Наиболее ярким образцом такого подхода выступали идеалы и нормы объяснения, описания и доказательности знаний, утвердившиеся в квантово–релятивистской физике. Если в классической физике идеал объяснения и описания предполагал характеристику объекта "самого по себе", без указания на средства его исследования, то в квантово–релятивистской физике в качестве необходимого условия объективности объяснения и описания выдвигается требование четкой фиксации особенностей средств наблюдения, которые взаимодействуют с объектом. Да и субъект познания рассматривается уже не как дистанцированный от изучаемого мира, а как находящийся внутри него, детерминированный им. На этой основе вырастает новое понимание категорий истины, объективности, факта, теории, объяснения и т.п.

Новая система познавательных идеалов и норм обеспечивала значительное расширение поля исследуемых объектов, открывая пути к освоению сложных саморегулирующихся систем. В отличие от малых систем такие объекты характеризуются уровневой организацией, наличием относительно автономных и вариабельных подсистем, массовым стохастическим взаимодействием их элементов, существованием управляющего уровня и обратных связей, обеспечивающих целостность системы.

Именно включение таких объектов в процесс научного исследования вызвало резкие перестройки в картинах реальности ведущих областей науки.

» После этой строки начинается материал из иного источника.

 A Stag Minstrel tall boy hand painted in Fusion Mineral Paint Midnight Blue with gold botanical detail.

Важно отметить, что развитие квантово–релятивистской физики, биологии и кибернетики связано с включением новых смыслов в категории части и целого, причинности, случайности и необходимости, вещи, процесса. Можно показать, что эта категориальная сетка вводила новый образ объекта, который представал как сложная система. Представления о соотношении части и целого применительно к таким системам включают идеи несводимости состояний целого к сумме состояний его частей. Важную роль при описании динамики системы начинают играть категории случайности, потенциально возможного и действительного. Причинность не может быть сведена только к ее лапласовской формулировке – возникает понятие "вероятностной причинности", которое расширяет смысл традиционного понимания данной категории. Новым содержанием наполняется категория объекта: он рассматривается уже не как самотождественная вещь, а как процесс, воспроизводящий некоторые устойчивые состояния и изменчивый в ряде других характеристик.

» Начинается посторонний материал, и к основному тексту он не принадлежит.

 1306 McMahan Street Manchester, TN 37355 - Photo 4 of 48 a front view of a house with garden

Таким образом, рассмотрение коллизии нововременного экспериментального разума и «безусловного» позволяет нам увидеть несостоятельность этого разума в деле изучения живого, содержащего в себе скрытые силы. Другими словами, его средств недостаточно для понимания общества, для создания соответствующих полноценных теорий.

Живой человек, помещённый в пространство эксперимента, ярко иллюстрирует то, что этот эксперимент не в состоянии вынести действительно свободного предмета, который может повести себя абсолютно непредсказуемым образом. Эксперимент не готов для этого. Он может выдать измерение, но человек всегда шире любого измерения, любой протяжённости, он не влезает в рамки «мысли о», так как обладает этой скрытой по ту сторону протяжённости потенцией. И эксперимент своим крахом это доказывает.